Earl Daugherty led off the stunting in a Canuck; Amelia and Andrée were the second featured event. Although they shared equal billing, it is noteworthy, in that land of touchy egos where such things matter, that Amelia’s name ran first: “The Ladies Sportplane Special. Miss Amelia Earhart flying Kinner Airster, Miss Andrée Peyre flying Sport Farman.” It was particularly noteworthy since not only was Andrée more famous than Amelia, but her plane was better known. The Farman, also a 2-seater biplane, smaller than the Airster with a 23-foot wingspan and 150 pounds lighter at 450, was a marvelous machine that held the world’s record for range in speed—from a low of 15mph to a high of 87. And it came from a famous maker: another Farman, a Goliath, had held the endurance record in 1921.
The two women performed barrel rolls, loops, tailspins, and other stunts.

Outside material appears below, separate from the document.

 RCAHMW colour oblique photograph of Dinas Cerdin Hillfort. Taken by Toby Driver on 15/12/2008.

They were followed by an accurate landing contest, balloon strafing by Frank Clarke (simulating the air battles of World War
I), a parachute jump from the wing of a plane by Miss Gladys Roy, a skywriting exhibition—Lucky Strike” would float across the sky, the work of a “master aerial penman”—and a Jenny Scramble (actually a five-mile race) among other events. There was an added event to the program: “If weather conditions are suitable, Miss Amelia Earhart, flying her Kinner Airster, will attempt to break the altitude record of 13,200 feet for plane equipped with 50 H.P motor,” which for some reason, presumably the weather, didn’t occur. (Her previous record of 14,000 feet had been made in her first plane, which had a 60-horsepower engine.) In May Andrée would briefly take the altitude record for women away from Amelia when she recorded 15,700 feet, then would lose it in July to Bertha Horchem of Ransom, Kansas, who would establish a record of 16,300 feet. But none of them took their records seriously—Lieutenant John Macready, in a Lepere biplane with a 400-horsepower Liberty motor, had gone up an astounding 34,509 feet.

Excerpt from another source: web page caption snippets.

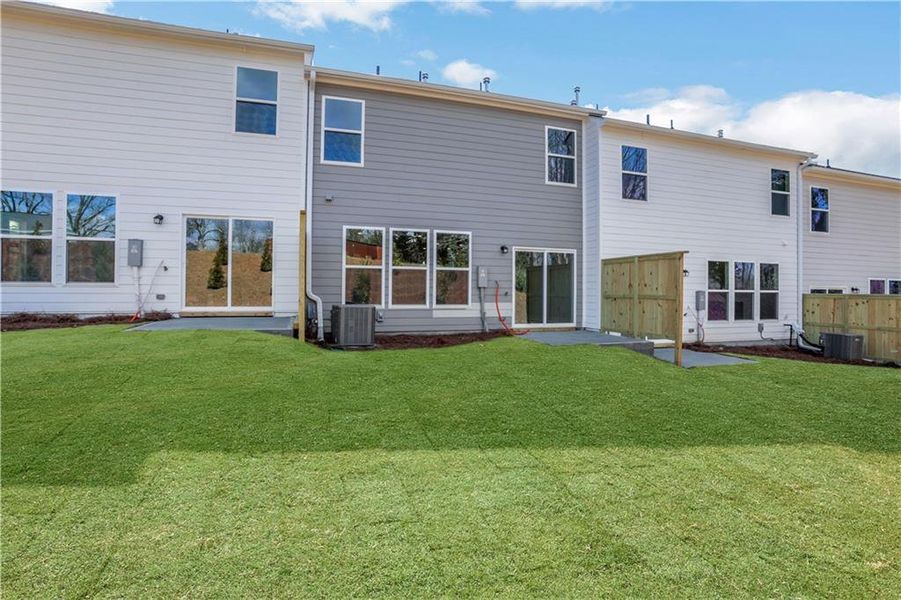Exterior details and patio area of a home in Villas at Dawsonville Townhomes, Dawsonville (Image 17).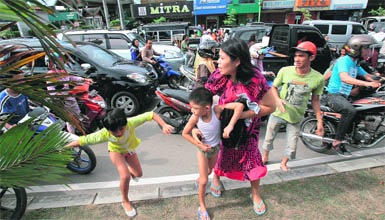 Acehnese people run shortly after a powerful earthquake hit western coast of Sumatra in Banda Aceh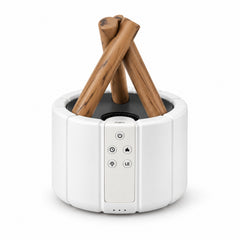 White humidifier with faux wood logs and control panel visible, shown on a plain white background.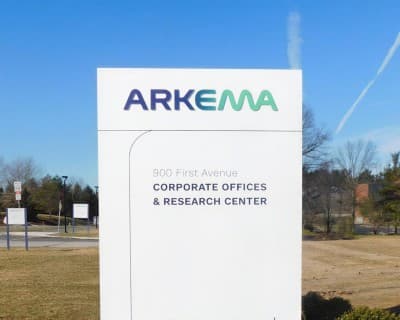 A white Arkema pylon sign on the lawn outside a corporate office and research centre.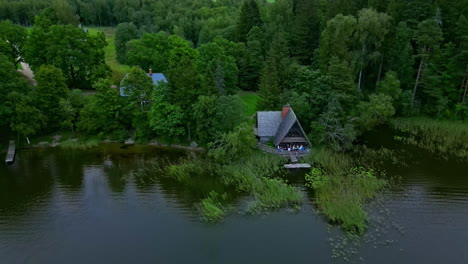 Drone-view-of-house-on-a-pond-nestled-by-green-trees,-flying-closer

The day before, the newly reorganized National Aeronautic Association issued Amelia an F.A.I, pilot’s license. She had passed the test on December 15, 1921. Under the aegis of the Aero Club of America, the test consisted of two parts. The first part was to check out a pilot’s ability to make a dead stick landing. Amelia had to cut the engine off at 4,921 feet (1,500 meters) above the ground, then glide and land within 492 feet (150 meters) of a predetermined point without restarting the engine. For the second part, Amelia had to make an uninterrrupted series of five figure eights around posts not more than 1,640 feet (500 meters) apart, at an altitude of not more than 656 feet (200 meters) above the ground. She also had to, upon landing, stop the aircraft within a distance of 164 feet (50 meters) from a fixed point.